The Attorney General’s Office did not respond to a request for comment from El Faro.
Six days before the Dutch journalists were murdered by members of the Salvadoran Armed Forces, they were summoned to an interrogation by the General Directorate of the Treasury Police. The four of them worked for the Dutch television agency IKON and were working on a video report on the guerrilla’s zones of influence in San Salvador and other parts of the country. The summons only named lead reporter Jacobus Andries Koster, who the armed forces suspected of guerrilla ties after finding his contact information in the pocket of Jorge Luis Méndez, a fighter killed in Usulután.
Jan Cornelius Kuiper, Hans Ter Laag, and Johannes Jan Willemsen accompanied Koster. Colonel Francisco Antonio Morán, director-general of the Treasury Police and lead interrogator, questioned Koster about his ties to “terrorists.” According to Foundation Comunicándonos, “Morán warned the journalists that he was ‘against informers [reporters] who sympathize with the subversives.’”
According to sources who testified before the Truth Commission and representatives of the Dutch Embassy, the journalists received warnings after the interrogation that they should leave the country for a time, due to imminent danger. The journalists continued their coverage and were murdered on Mar. 17, 1982, in Santa Marta, a tiny town in Chalatenango, two kilometers from the El Paraíso Infantry Barracks.
The day before they were murdered in what the plaintiffs have called an “ambush,” a death squad calling itself Maximiliano Hernández Martínez had published a list of death threats against 35 journalists. None of the four Dutch journalists was included in it. At least 40 died during the 12-year civil war.
“This happened forty years ago, but our family’s pain has not subsided. I still miss my brother,” Sonja Ter Laag, sister of Hans Ter Laag, told El Faro over the phone from Holland.
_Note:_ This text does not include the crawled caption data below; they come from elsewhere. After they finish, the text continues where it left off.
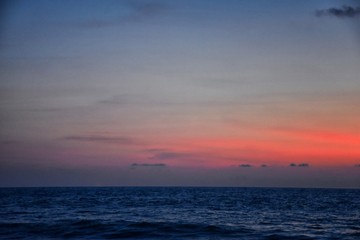 Obraz premium Phuket beach sunset, colorful cloudy twilight sky reflecting on the sand gazing at the Indian Ocean, Thailand, Asia.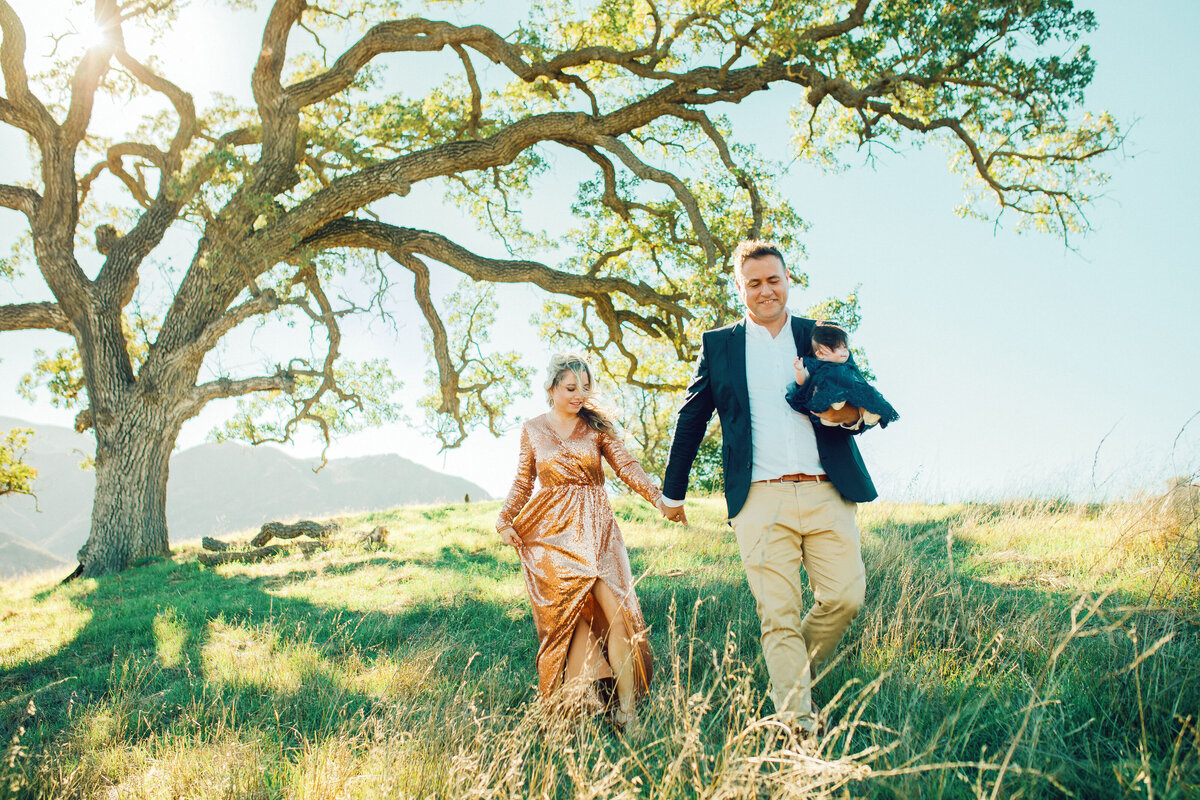 Family Portrait Photo Of Couple Holding Hands While Walking Los Angeles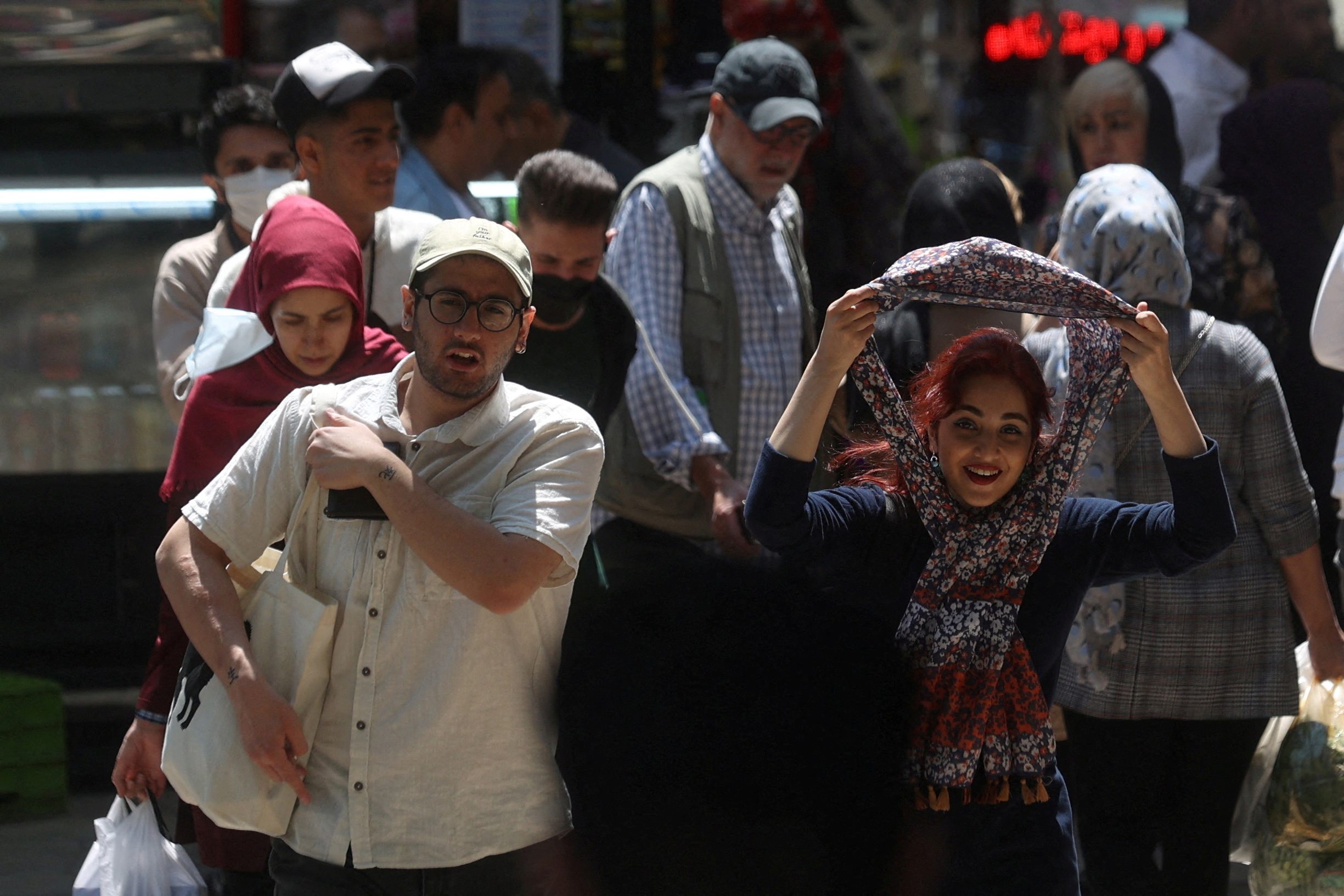 FILE PHOTO: An Iranian woman walks on a street amid the implementation of the new hijab surveillance in Tehran, Iran, April 15, 2023. Majid Asgaripour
In March, to commemorate the 40th anniversary of the murder, she traveled for the first time to El Salvador. “I declared as an aggrieved party before Judge Argüello. I told her that when I saw the picture of my brother dead it marked me forever. The judge was also stricken when she saw it. She immediately asked me for all the pictures I have, and I sent them to her. I am very happy, but surprised to see the arrests. I did not think this would happen.”
During her visit, Ter Laag asked to be taken to the place where her brother was murdered with his three colleagues. “Lots of soldiers and police officers came with us. I asked what they were doing there and they told me that the Embassy had requested that they come for our protection. I asked myself how we could be protected by the same people who killed my brother.”